Required work: Give back the whole listing exactly as written, pictures excluded.

Stored data:
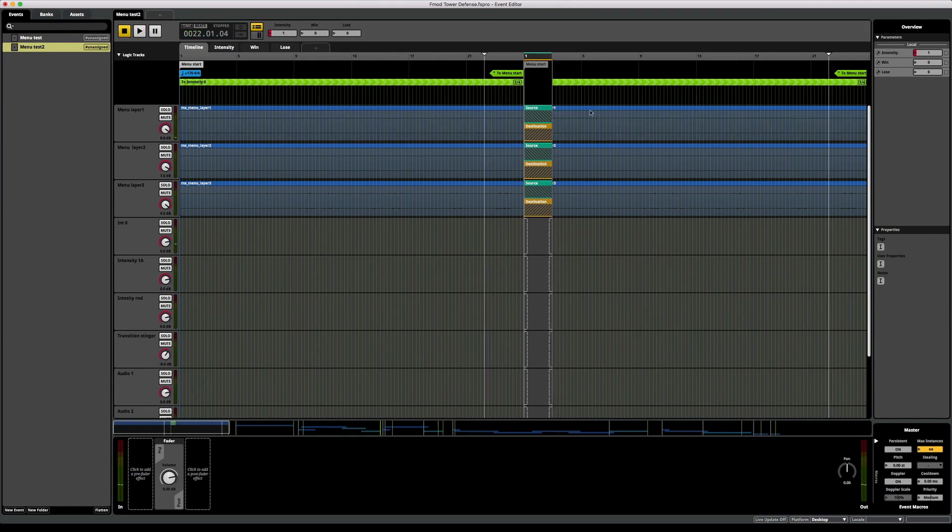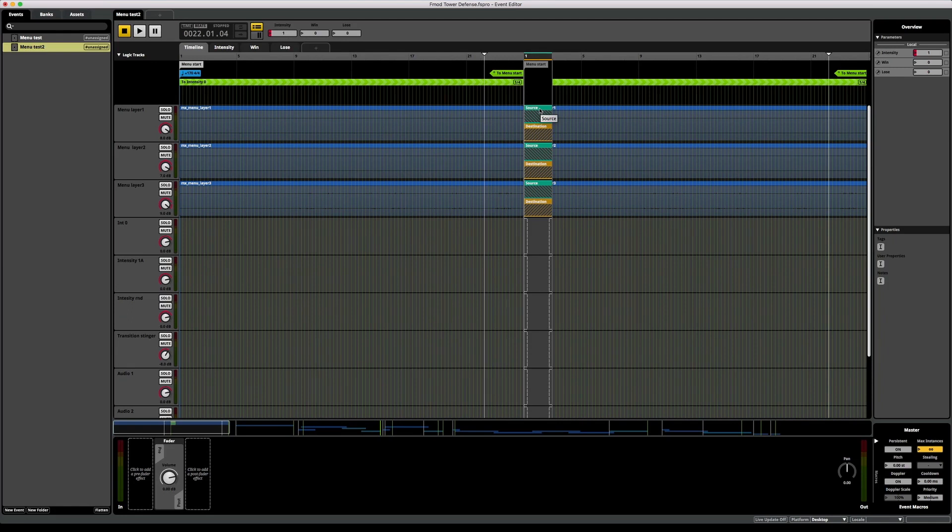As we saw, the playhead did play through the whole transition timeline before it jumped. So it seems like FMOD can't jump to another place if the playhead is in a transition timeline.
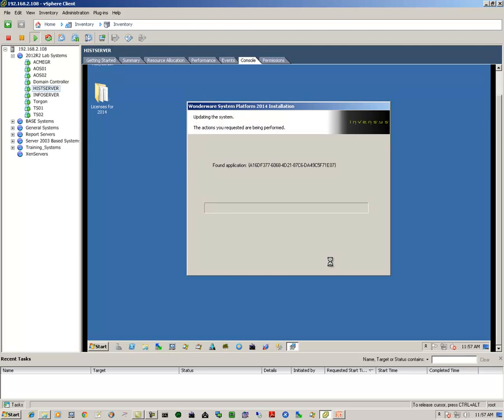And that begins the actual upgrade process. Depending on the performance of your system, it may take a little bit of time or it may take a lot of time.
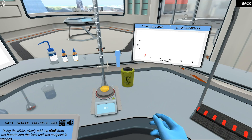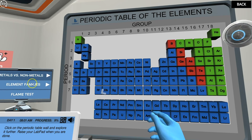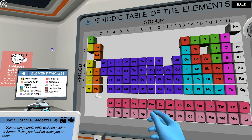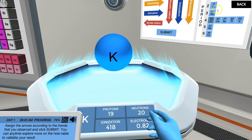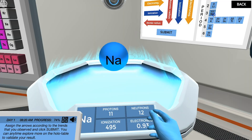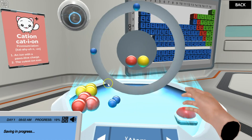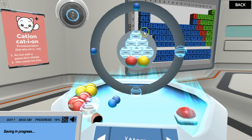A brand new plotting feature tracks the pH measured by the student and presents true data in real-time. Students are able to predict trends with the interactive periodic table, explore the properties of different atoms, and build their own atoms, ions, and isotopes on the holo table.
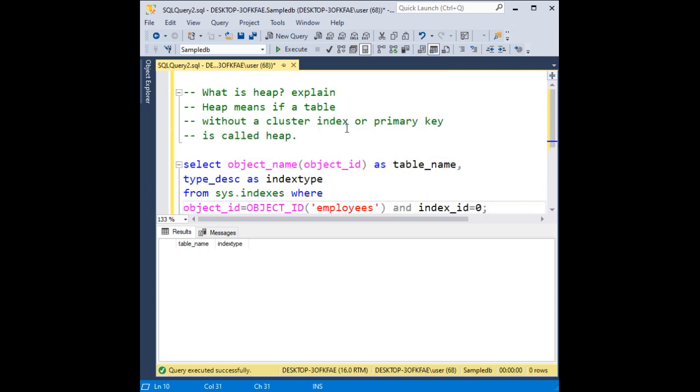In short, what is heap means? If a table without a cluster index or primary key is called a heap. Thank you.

Completed exercise:
As we saw, the playhead did play through the whole transition timeline before it jumped. So it seems like FMOD can't jump to another place if the playhead is in a transition timeline.
And that begins the actual upgrade process. Depending on the performance of your system, it may take a little bit of time or it may take a lot of time.
A brand new plotting feature tracks the pH measured by the student and presents true data in real-time. Students are able to predict trends with the interactive periodic table, explore the properties of different atoms, and build their own atoms, ions, and isotopes on the holo table.
In short, what is heap means? If a table without a cluster index or primary key is called a heap. Thank you.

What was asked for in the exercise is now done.